Updated: Jul 6
These new wave punkers aim to bring you back to reality with their new single, "21st Century Failure". A nice jam for anyone who wants to grab a bag of popcorn and take a gander at the world's current affairs.
(From Left to Right) Doc Michaud,Trip Tompson, Xeerox Feinberg
Originally formed in Worcester Massachusetts during the 1980's, the Prefab Messiahs began as a DIY group among a local community of fellow creatives. Another group of freaks seeking an outlet for expression; up and comers learning the tools of their trade. They didn't really know what they were doing and hadn't tapped into the significance of their music, but who really does from the get go?
After playing a variety of local shows and wrapping up a few short recording sessions, the group disbanded in 1983 once Trip Thompson moved to a new school. Although the band came to abrupt halt, the idea of Prefab Messiahs was still alive and well which allowed the group to remain in contact over the years.
With the release of their project Devolver, the group started to play shows again during the 2010's. After an enjoyable time playing the songs on the road, they decided to regroup and start writing new material. Eventually, they gained the attention of LA/OC legends like Burger Records and Lollipop Records to release their albums, Keep Your Stupid Dreams Alive and Psychsploitation Today.
By creating the art/sounds for all their albums and music videos, The Prefab Messiahs have succeeded in forming their own stream of new wave. Often giving a voice to those who don't agree with the state of our current reality here on Earth, their music speaks to a younger crowd while giving insight into the world before the invasion of the Internet. With all that's going on around the world, their new single "21st Century Failure" is sure to pop anyone's bubble of blind optimism.
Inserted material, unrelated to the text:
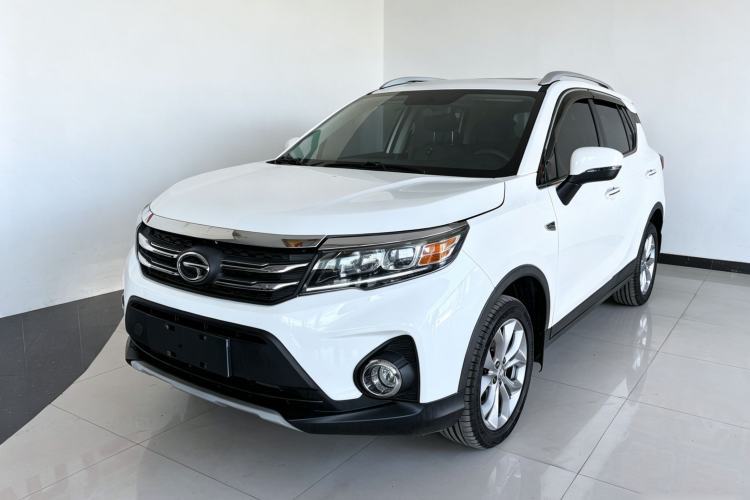 Used GAC Trumpchi GS3 2017 150N Automatic Elite Edition Guazi used car, China used car export, Used car for sale, Used  cars, Cheapest cars for sale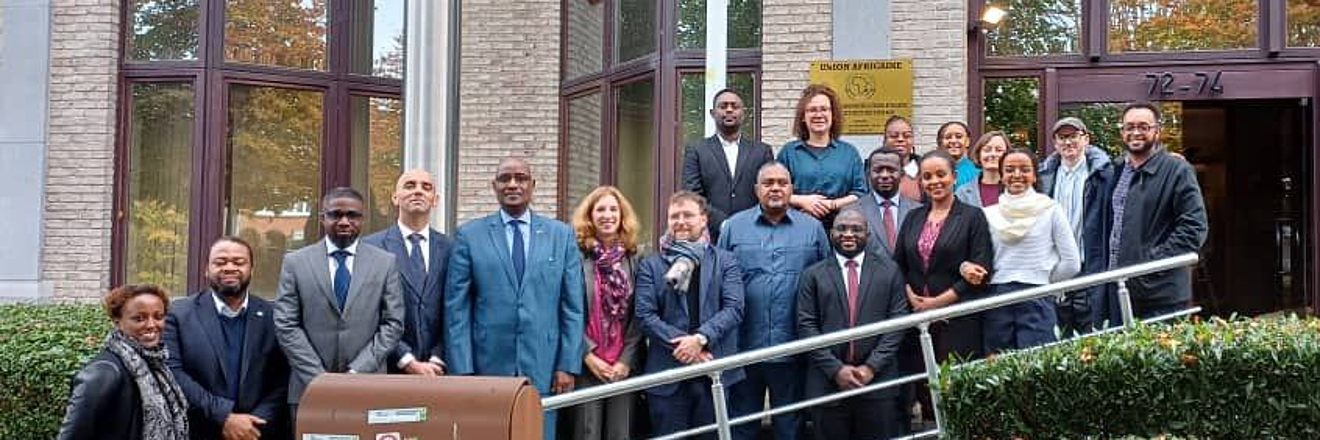 Rethinking Africa–Europe Migration Cooperation Ahead of the 7th AU–EU Summit in Luanda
We had the opportunity to chat with the group about their experiences over the years.
Here's what they had to say:
Q: Could you describe what the scene like when you first started up in the 1980s?
A: (Trip Thompson) That depends on whether you mean the national scene, or the local scene that we started out in ("Wormtown," aka Worcester MA). The national scene then was very different, mostly because there was no internet. Music freaks had to rely on some combination of fanzines, magazines, college radio, adventurous record stores, and open-minded club bookers. Information was more scarce and took longer to filter out to those who were interested.
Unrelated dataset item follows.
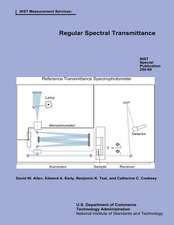 Regular Spectral Transmittance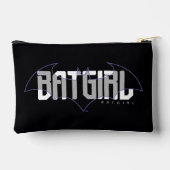 Pochette À Accessoires Nom Hi-Tech de Batgirl Graphique (Verso)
(Xeerox Feinberg) As far as our local scene, Worcester was mostly a classic hard rock and heavy metal town, but a local punk and new wave scene had taken root there a few years before we started. It was mainly supported by a couple community radio stations, a couple of little nightclubs, and a fanzine, Wormtown Punk Punk Press. Without that burgeoning new original music scene, we never would have gotten any sort of foothold…or really have had a reason to exist. Wormtown was the whole music world to us at that time, strange as that is to think.
Q: Did you ever tour? What were some memorable concerts you played?
TT: We never did tour outside of Massachusetts in our original 1981-83 run. We made it to the outskirts of Boston just once! I mentioned that info was hard to come by in the pre-internet age — and that included info about how to go do shows outside of your own area, or about who was willing to book new punk and post-punk acts. We've done a couple of mini-tours since reuniting in 2012, though.
XF: As far as memorable shows, there were a few in the '80s — playing an art gallery loft with crazy film projections (which wasn't common at all at the time), playing in a local historic theater with some other new local bands, and playing an outdoor festival (the WCUW Music Fair). You have to realize, for most of that time we didn’t even have a car between us! Since reuniting, we got to play a couple good shows at The Middle East in Cambridge. My favorite show was at Death By Audio in Brooklyn, which sadly now is gone. We had a great show there with Weyes Blood, Bobb Trimble, and Spectre Folk.
Q: What caused you to take a hiatus? What pushed you to keep playing music in the 2010s?
TT: I guess I can take the blame for the initial breakup. I transferred to another school, and at that point it wasn't feasible to get together regularly enough to practice and keep working up songs.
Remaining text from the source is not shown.